WHAT TO WORK ON: Transcribe the data that follows without changing a word, and omit the pictures.

GIVEN MATERIAL:
#####

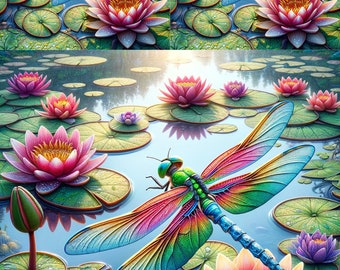 Dragonfly Rice Paper A4: Decoupage, Scrapbooking, Card Making
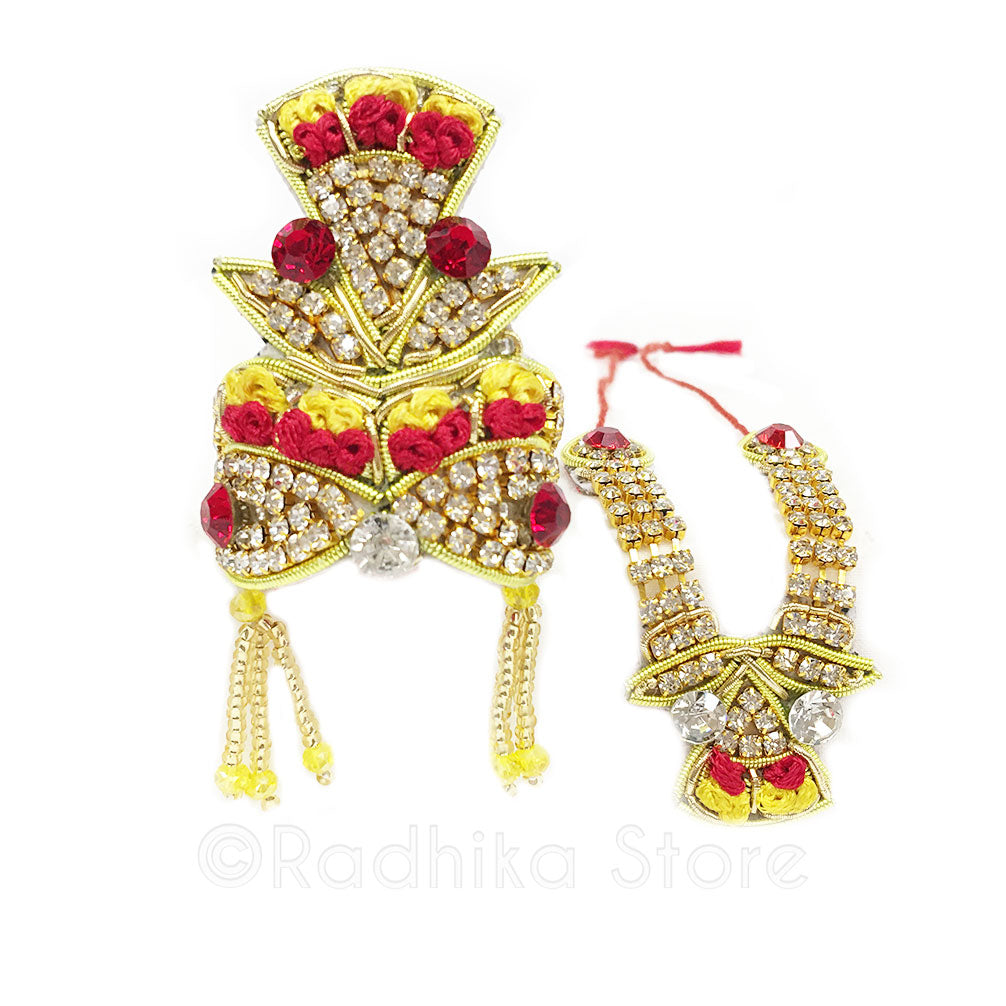 Nitai Gauranga Flower - Crown and Necklace Set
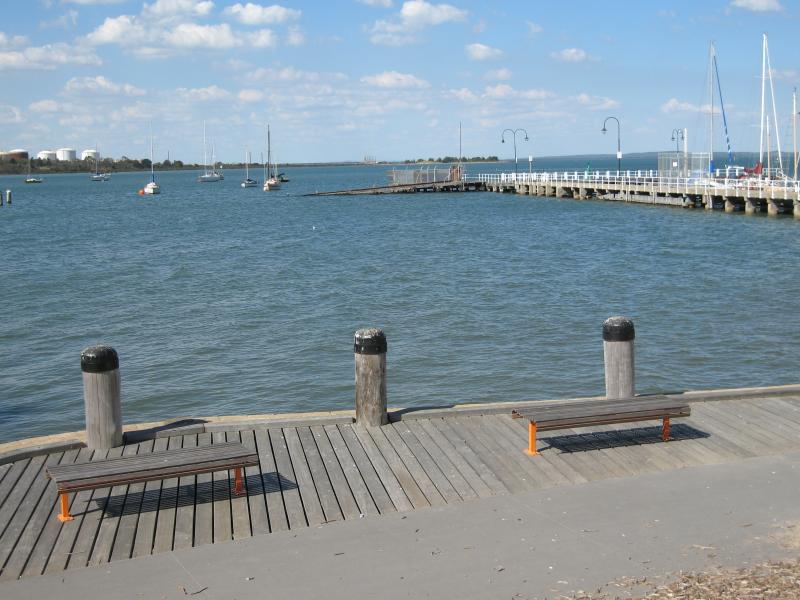 Hastings - Hastings Jetty and Pelican Park Recreation Centre: View east across bay from next to jetty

#####

OUTPUT FOR THIS EXERCISE:
 Dragonfly Rice Paper A4: Decoupage, Scrapbooking, Card Making
 Nitai Gauranga Flower - Crown and Necklace Set
 Hastings - Hastings Jetty and Pelican Park Recreation Centre: View east across bay from next to jetty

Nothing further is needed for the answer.